(Exercise details) What is needed is an exact reproduction of the lines from the one that contains "A modern living" through the end of the data, both included and nothing else, with pictures omitted.

(Source data)
------------

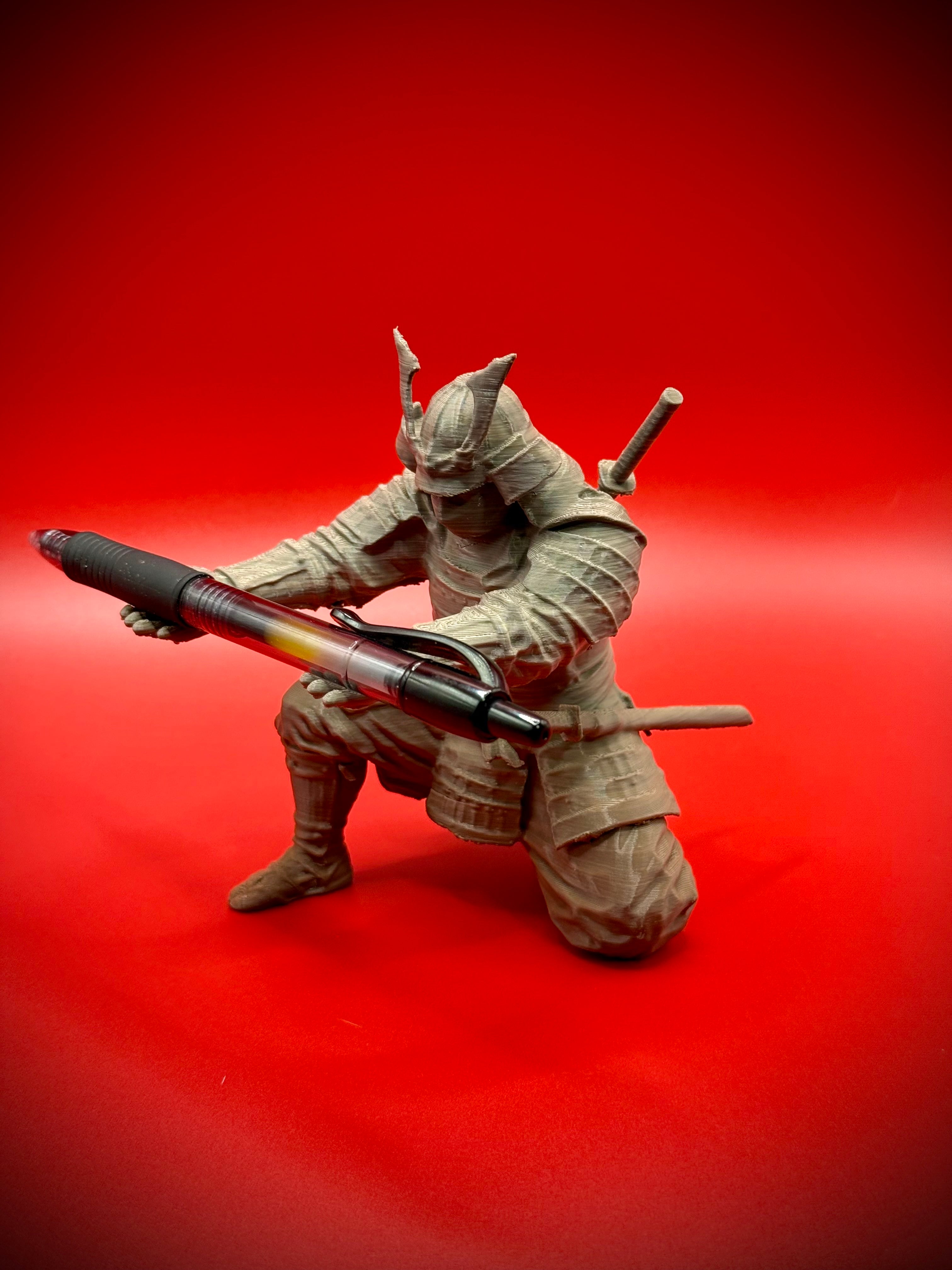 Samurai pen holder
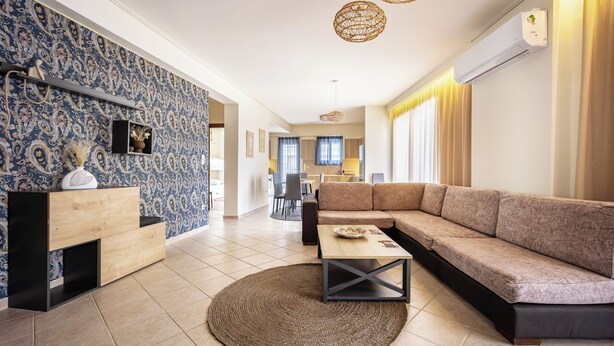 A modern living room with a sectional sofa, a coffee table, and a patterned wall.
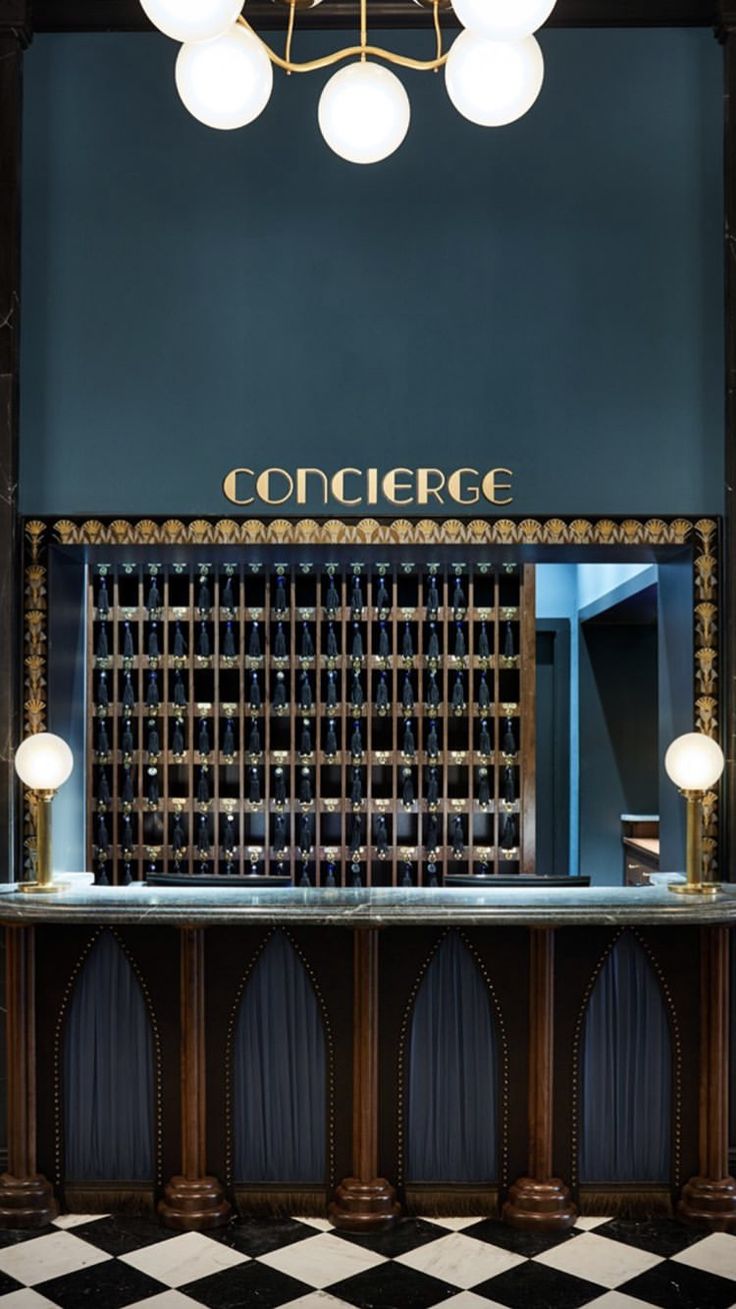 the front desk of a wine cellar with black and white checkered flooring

------------

(Reply to the exercise)
 A modern living room with a sectional sofa, a coffee table, and a patterned wall.
 the front desk of a wine cellar with black and white checkered flooring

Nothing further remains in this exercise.